Этой весной умерла от рака подруга Анны Михайловны, осталось семеро детей. Четверо взрослых: Тамара, старшая, ей двадцать два года, Коля женился в этом году, Вася вернулся из армии, Геннадий в армии; а трое небольших: Леня в пятый класс пойдет, Сережа в четвертый и Наташа во второй. При такой семье и хозяйство серьезное: корова, овцы, поросенок, бычок. Отец там не глава семьи: любит выпить. Тамара с детства привыкла быть за старшую, но она уходит на работу в Красавино на фабрику в шесть и приходит в седьмом часу. Вечером доит корову и обряжает (так здесь говорят) скотину она сама, а утром — Анна Михайловна. Корову подоит, выгонит, уберется, печку протопит, постряпает ребятам, иногда даже пошьет чего-нибудь из старого. Позавчера ушла на целый день: стригли с Тамарой овец. Устала, вернулась домой, легла, пожаловалась, что голова болит — так никто ведь ее не заставлял!..
— Маненькие, так жау́́ко. Большие были бы, не жау́ко. А трое — тех маненьких осталось. Неволя, надо идти, если заможешь, помогать…
Воду тут берут из колодца у речки в овраге, до Тамариного дома довольно далеко. Таскает на коромысле воду одиннадцатилетний Леня, весь ходит ходуном под этой древней тяжестью, аж ноги дрожат и на бледном лице пот. Анна Михайловна с доброй слезой рассказывает о старательном помощнике Лене и о том, как она приласкивает его иногда, гладит по голове: «Маненький еще, дак…», а тот вырывается сердито: «Ну, ты, Михайлёвна!..»
Взрослый сын Анны Михайловны живет в Сыктывкаре, не женат, и внуков у нашей хозяйки нет. Еще было у нее две девочки, но умерли маленькими, одна от воспаления легких, а вторая от дифтерита. Муж ее тоже умер лет пятнадцать тому, так что живет она одна.
Раньше я не задумывалась, чем занимаются, как живут старики и старухи. В городе их особенно и не видно: сидит старушка на лавочке возле дома, пробежишь мимо, не запомнишь — та ли это, которая сидела здесь третьего дня, или та старушка уже умерла, а сидит другая. Город целый живет в нашем доме — четыреста квартир. А здесь все на виду.
Напротив нас живет старая Наталья с сыном и внуком, неприветливая, замкнутая, желтое изморщиненное лицо с тонким носом и голубыми блеклыми глазами, никогда не улыбается. Управится немножко по дому и лежит в избе, встанет только, чтобы кур прогнать с огорода:
— Вишь каки-ие! Наплевать на вас!
Это тут так принято говорить, когда гоняешь кого-нибудь. Наша Анна Михайловна тоже этими же словами гонит чужую козу от палисадника и от ведер с водой:
— Вишь кака-ая! Наплевать на тебя!..
Коз в деревне много больше, чем коров. Наверное, потому, что если остались только старик да старуха или просто старуха, легче держать козу. Ее и вениками прокормишь, а на корову нужное количество сена не напасти.
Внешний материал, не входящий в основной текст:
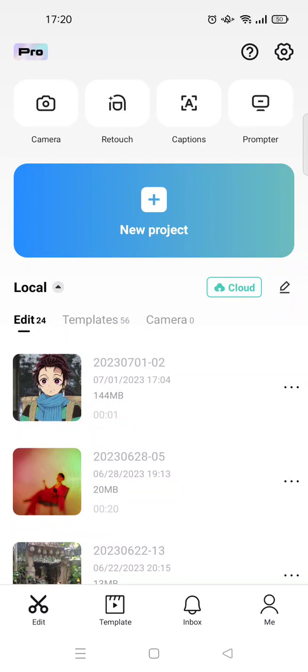Hi guys, welcome back to the channel. In today's video, I'm going to show you how to find out the video duration in the CapCut app. So if you want to see how many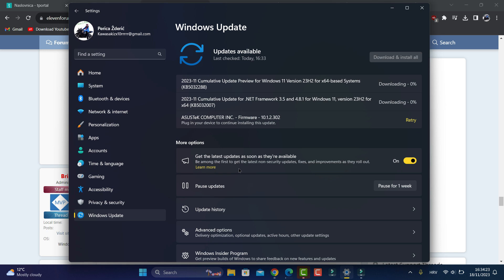We have a new cumulative update preview for Windows 11 version 23H2, as you see here for 64-bit based systems. It's a build number — it is the latest. It's KB5032288. We have lots of features and changes and this is the last update.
Рядом с Натальей живет Лампия Прошутинская с внуком, ей тоже лет шестьдесят, еще вполне крепкая, в теле, старуха. Лампия целый день в хлопотах: то веники таскает из леса на зиму, то траву косит, то за водой, то в магазин за хлебом, а оттуда не скоро вернешься — надо все обсудить как следует. В общем, занята. Коза у Лампии уже старая, лет восьми, с большим черным выменем и редкостными, огромными и даже загнутыми на концах, как у архара, рогами. Отношения с хозяйкой у нее сложные. Если коза не шастает где-то по оврагу, то стоит обычно на Лампиевом крылечке и, приподняв голову, неотрывно смотрит на дверь. Изредка она наклоняется и концом загнутого рога чешет себе вымя или живот: донимают пауты. А иногда копытом задней ноги чешет лоб: гибкость суставов в свои годы она сохранила. Когда же дверь наконец отворяется, коза не бросается в избу, не начинает мемекать, выпрашивая сладкий кусок, она просто следует за Лампией либо по двору, либо вниз к колодцу, либо до дороги к магазину — с видом меланхолическим, но довольным: «Слава богу, есть с кем слово сказать!..»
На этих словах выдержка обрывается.